[Saved data entries]
↓
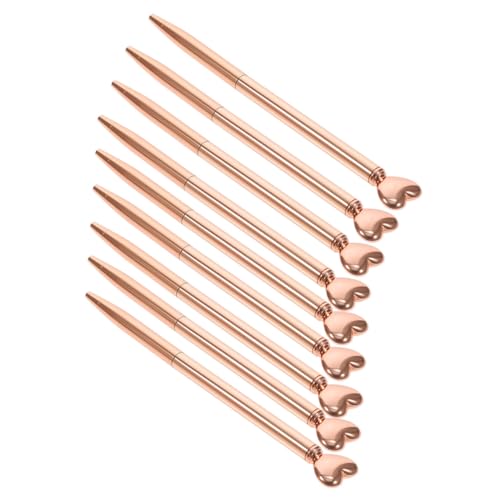 Veemoon 9Stücke Teiliges Herzform Kugelschreiber Roségold für Brautparty Valentinstag und Hochzeiten Ergonomischer Griff Dekorative Stifte für Besondere Anlässe Veemoon 9Stücke Teiliges Herzform Kugelschreiber Roségold für Brautparty Valentinstag und Hochzeiten Ergonomischer Griff Dekorative Stifte für Besondere Anlässe von Veemoon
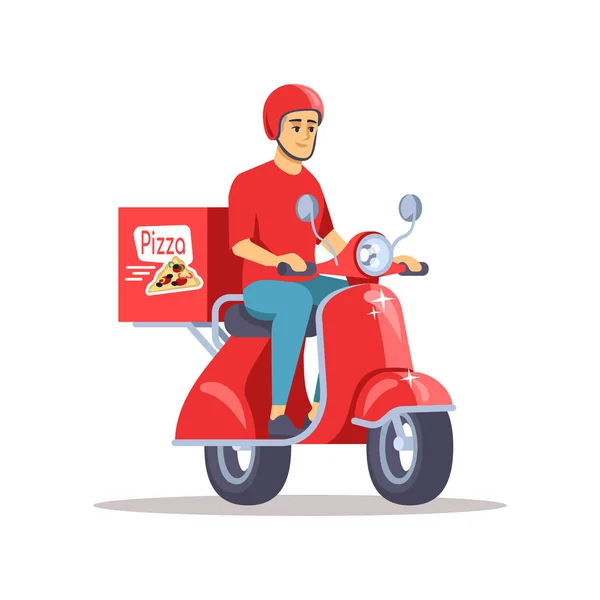 Motoboy Delivery Entrega de Pizza, Download Grátis, Desenho, Vetor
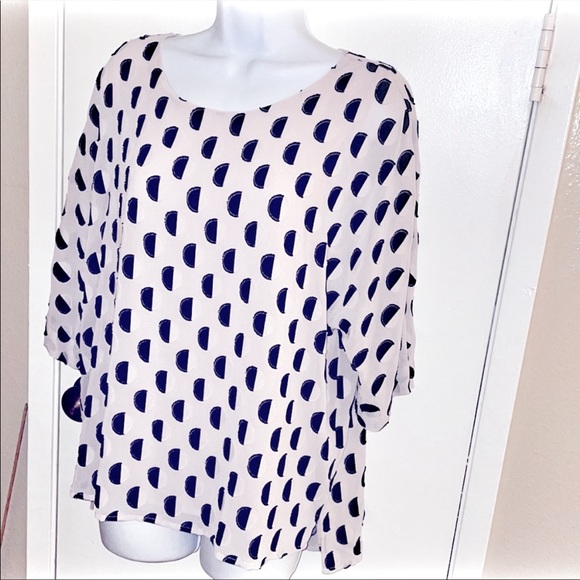 Vince Camino polka dot creed blouse bat wing size small - Picture 1 of 13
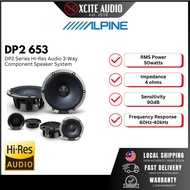 ALPINE DP2 653 - DP2 Series Hi-Res Audio 3-Way Component Car Speaker System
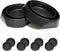 Bed Bug Interceptors with Anti Skid Pads | Bed Bug Trap | Bed Bug Traps and Detectors | Bed Bug Traps for Bed (Black-8 Pcs)...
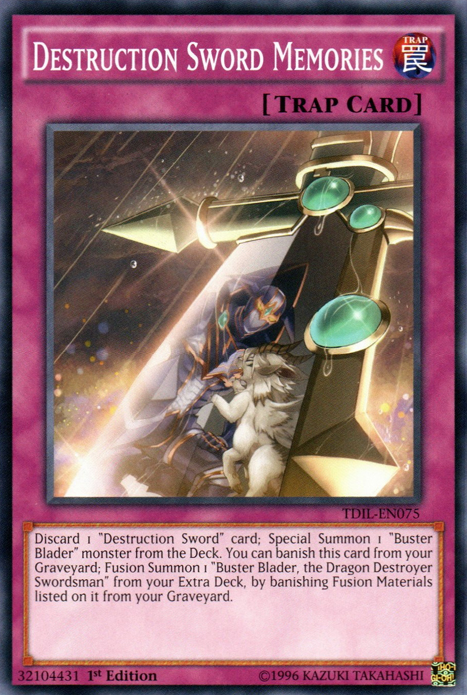 Destruction Sword Memories [TDIL-EN075] Common 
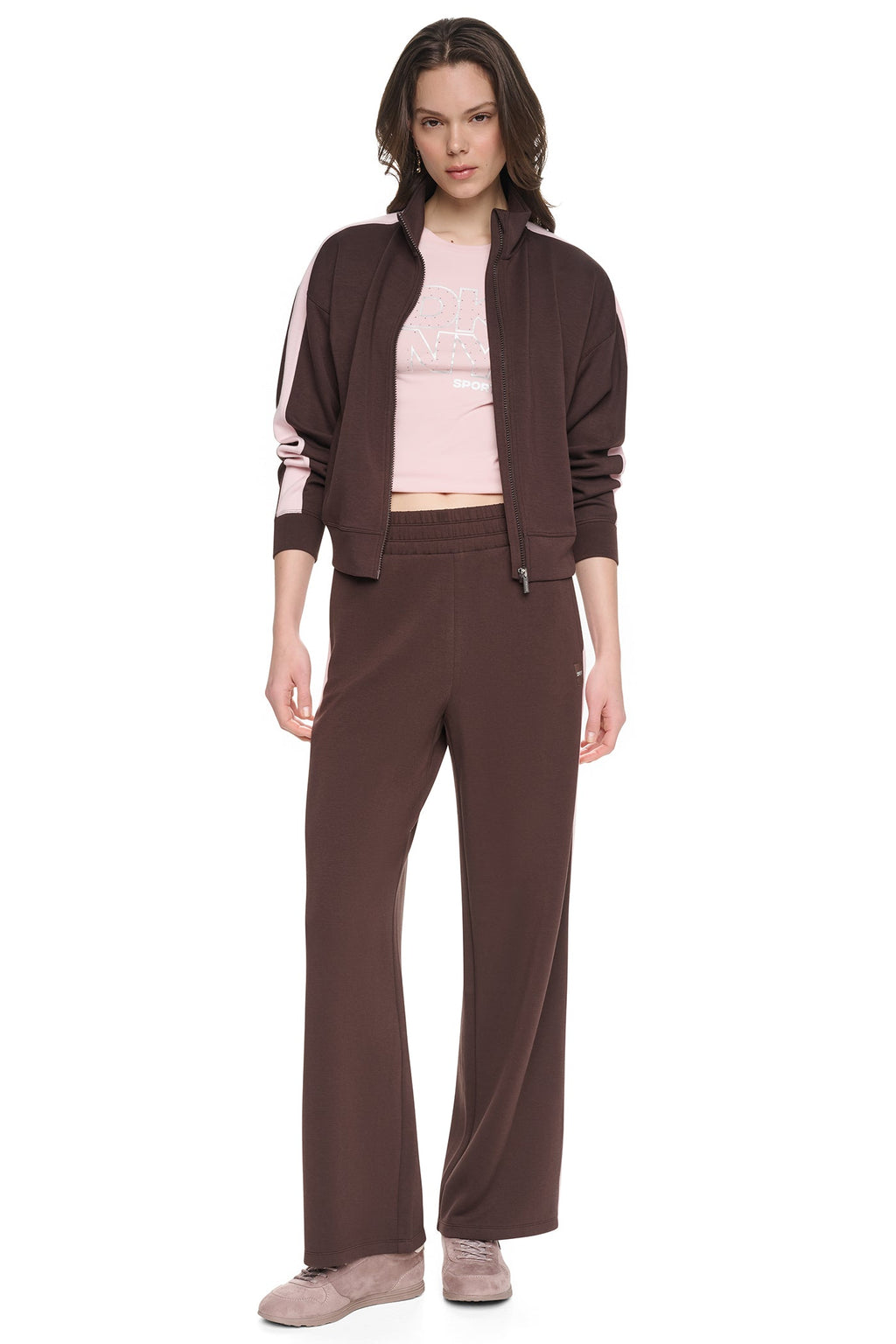 HIGH-RISE SIDE STRIPE WIDE-LEG PANT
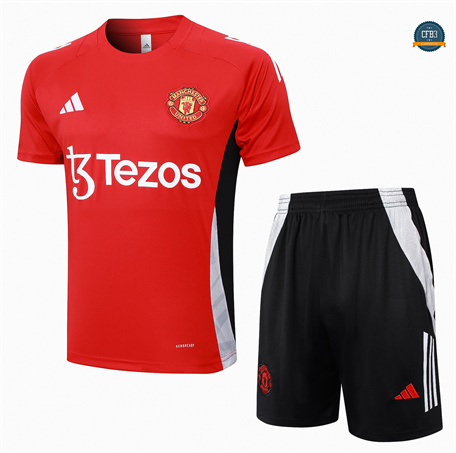 Comprar Camiseta Entrenamiento futbol Manchester United + Pantalón 2024/2025 rojo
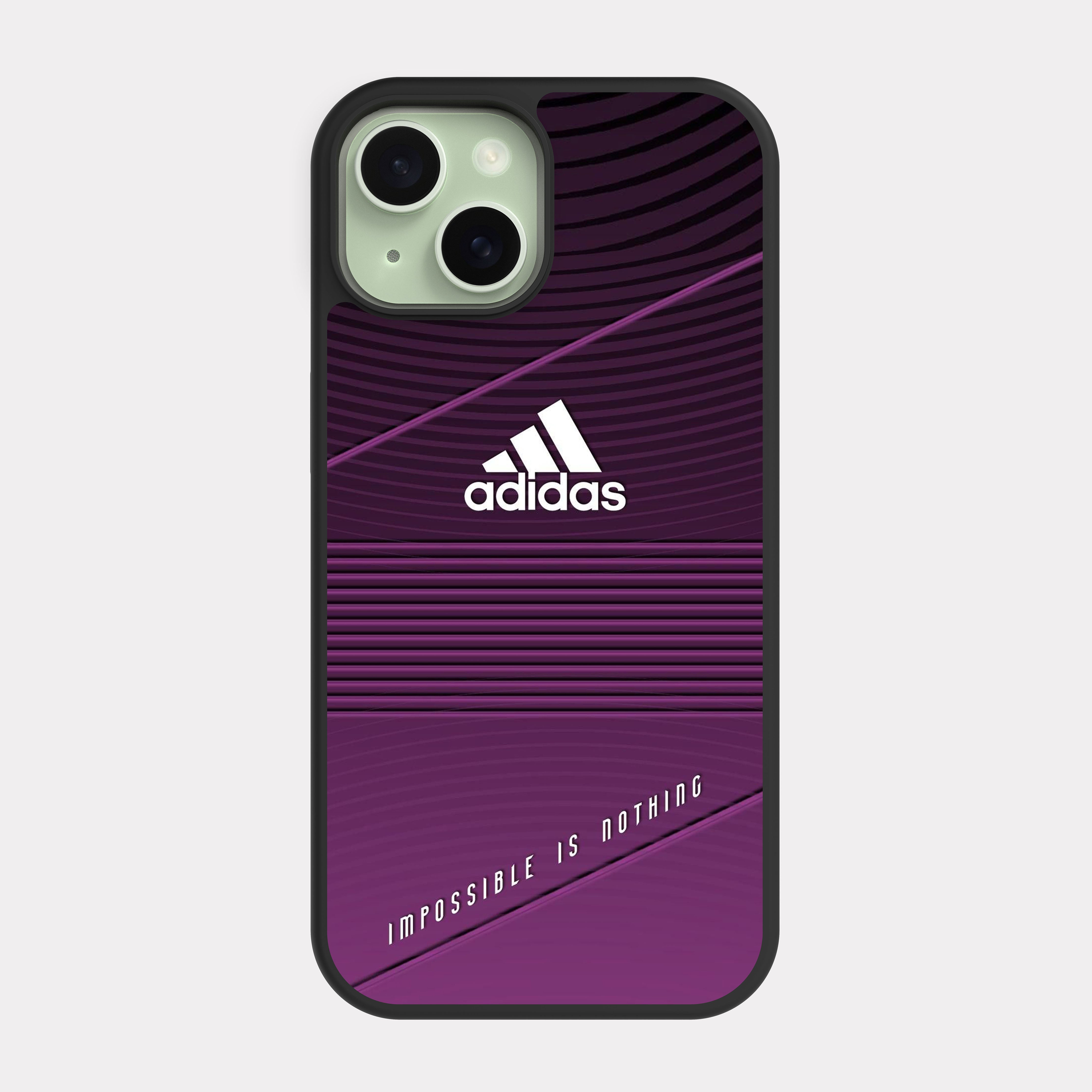 iPhone 15 case cover Adidas White Purple
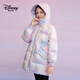 Disney's New National Standard Children's Down Jacket 2025 Winter New Hooded Colorful Mid-Length Style Top Clothes Children's Clothes Purple 90 White Duck Down One Size 130cm Filled Down Approximately 118g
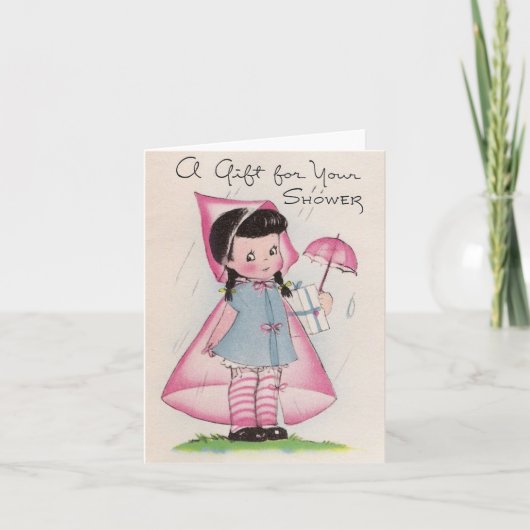 Een gift voor uw Douche Kaart (Voorkant)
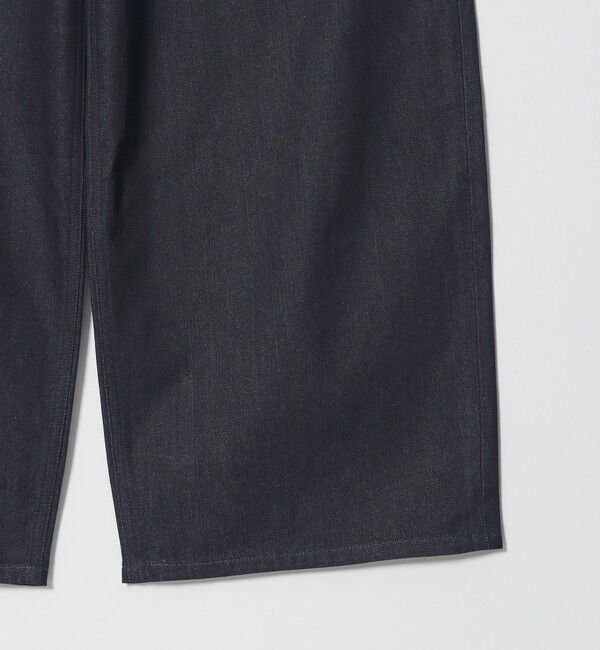 MONKEY TIME「ライトオンス リジッド デニム シンチバック スーパー バギー パンツ」|チノ|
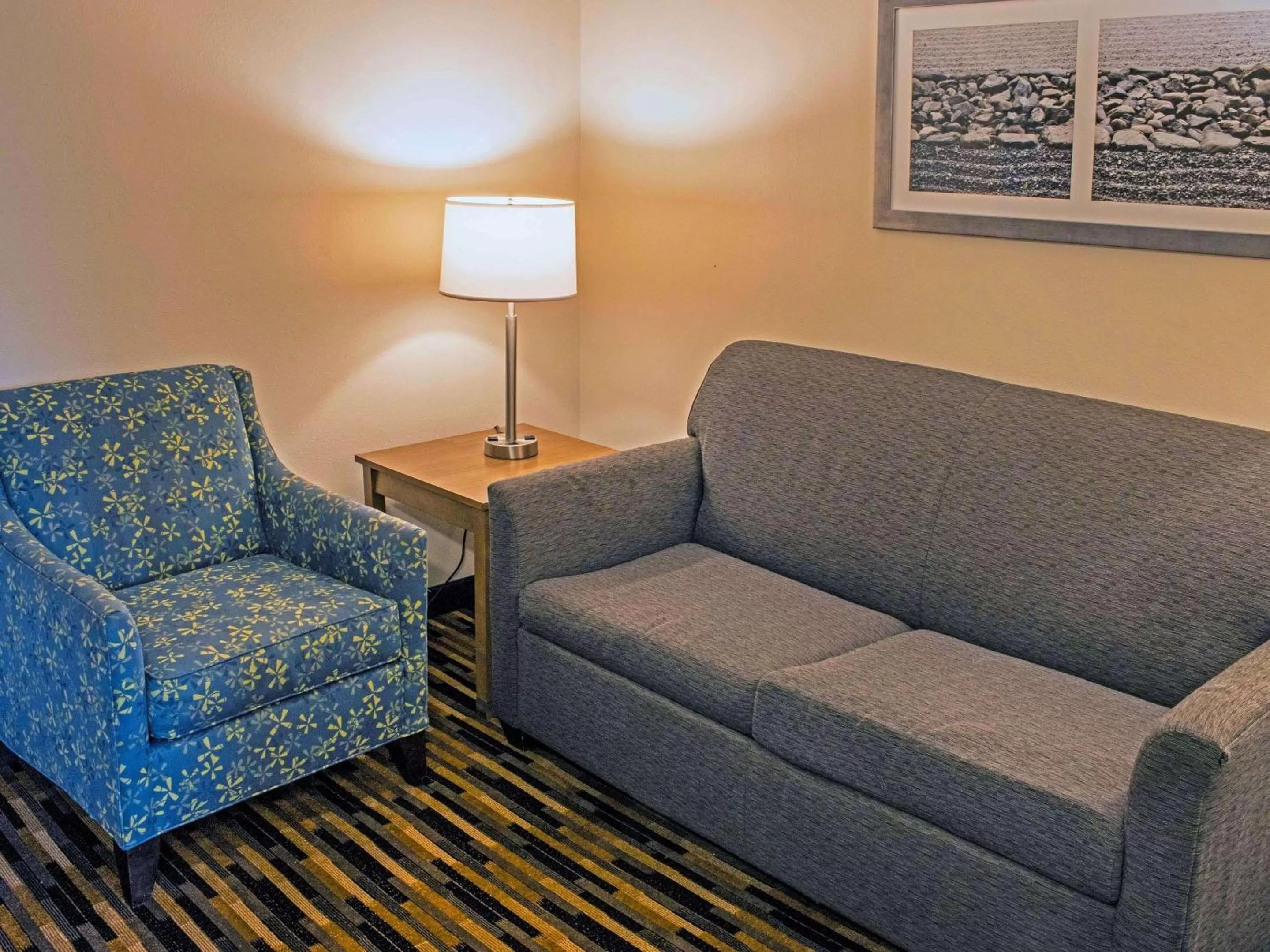 Living room in Quality Suites Lake Wright - Norfolk Airport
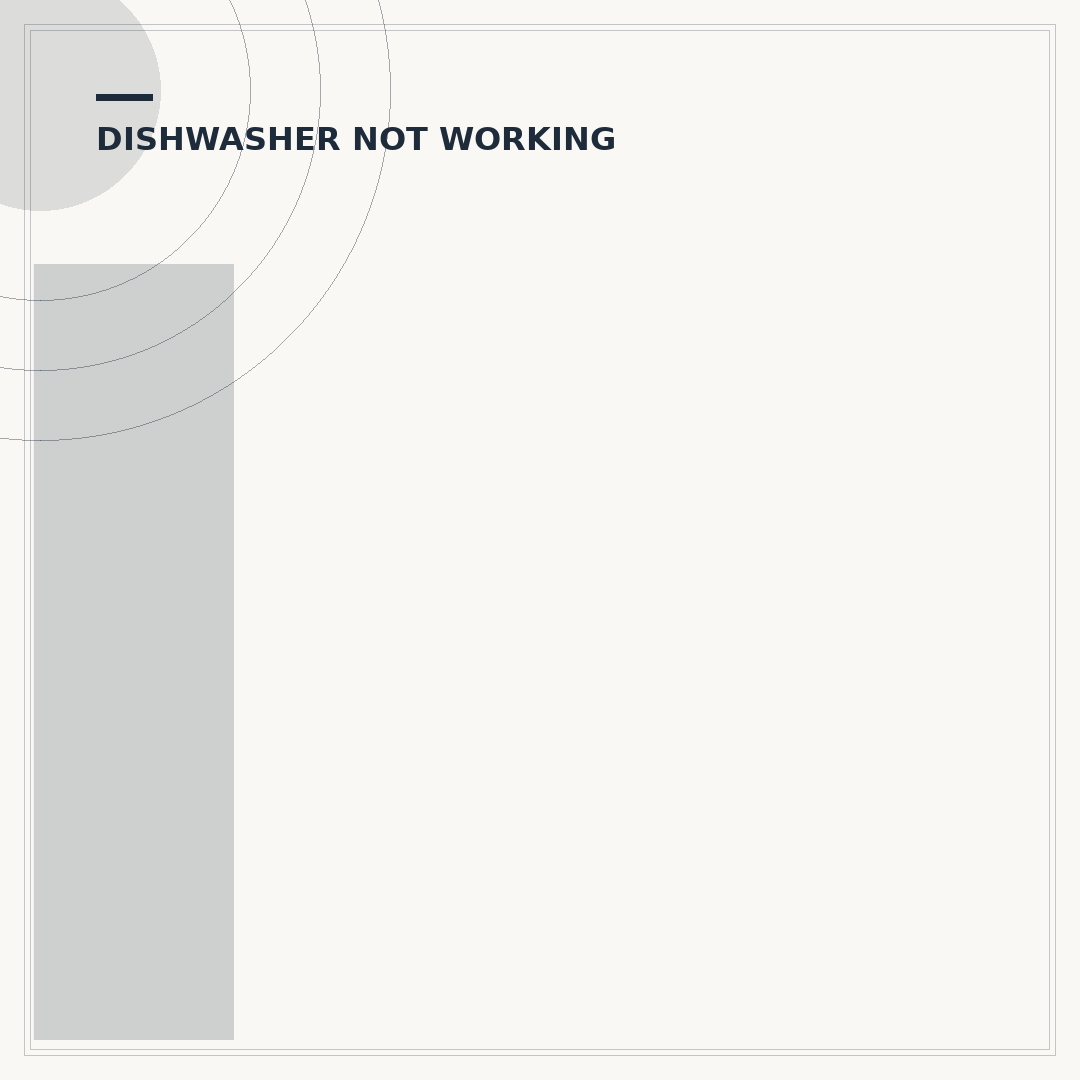 Integrated Dishwasher Door: Care & Common Issues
↑
- **The task**: Omit the pictures, then output every record exactly as given.

- **Answer**:
 Veemoon 9Stücke Teiliges Herzform Kugelschreiber Roségold für Brautparty Valentinstag und Hochzeiten Ergonomischer Griff Dekorative Stifte für Besondere Anlässe Veemoon 9Stücke Teiliges Herzform Kugelschreiber Roségold für Brautparty Valentinstag und Hochzeiten Ergonomischer Griff Dekorative Stifte für Besondere Anlässe von Veemoon
 Motoboy Delivery Entrega de Pizza, Download Grátis, Desenho, Vetor
 Vince Camino polka dot creed blouse bat wing size small - Picture 1 of 13
 ALPINE DP2 653 - DP2 Series Hi-Res Audio 3-Way Component Car Speaker System
 Bed Bug Interceptors with Anti Skid Pads | Bed Bug Trap | Bed Bug Traps and Detectors | Bed Bug Traps for Bed (Black-8 Pcs)...
 Destruction Sword Memories [TDIL-EN075] Common 
 HIGH-RISE SIDE STRIPE WIDE-LEG PANT
 Comprar Camiseta Entrenamiento futbol Manchester United + Pantalón 2024/2025 rojo
 iPhone 15 case cover Adidas White Purple
 Disney's New National Standard Children's Down Jacket 2025 Winter New Hooded Colorful Mid-Length Style Top Clothes Children's Clothes Purple 90 White Duck Down One Size 130cm Filled Down Approximately 118g
 Een gift voor uw Douche Kaart (Voorkant)
 MONKEY TIME「ライトオンス リジッド デニム シンチバック スーパー バギー パンツ」|チノ|
 Living room in Quality Suites Lake Wright - Norfolk Airport
 Integrated Dishwasher Door: Care & Common Issues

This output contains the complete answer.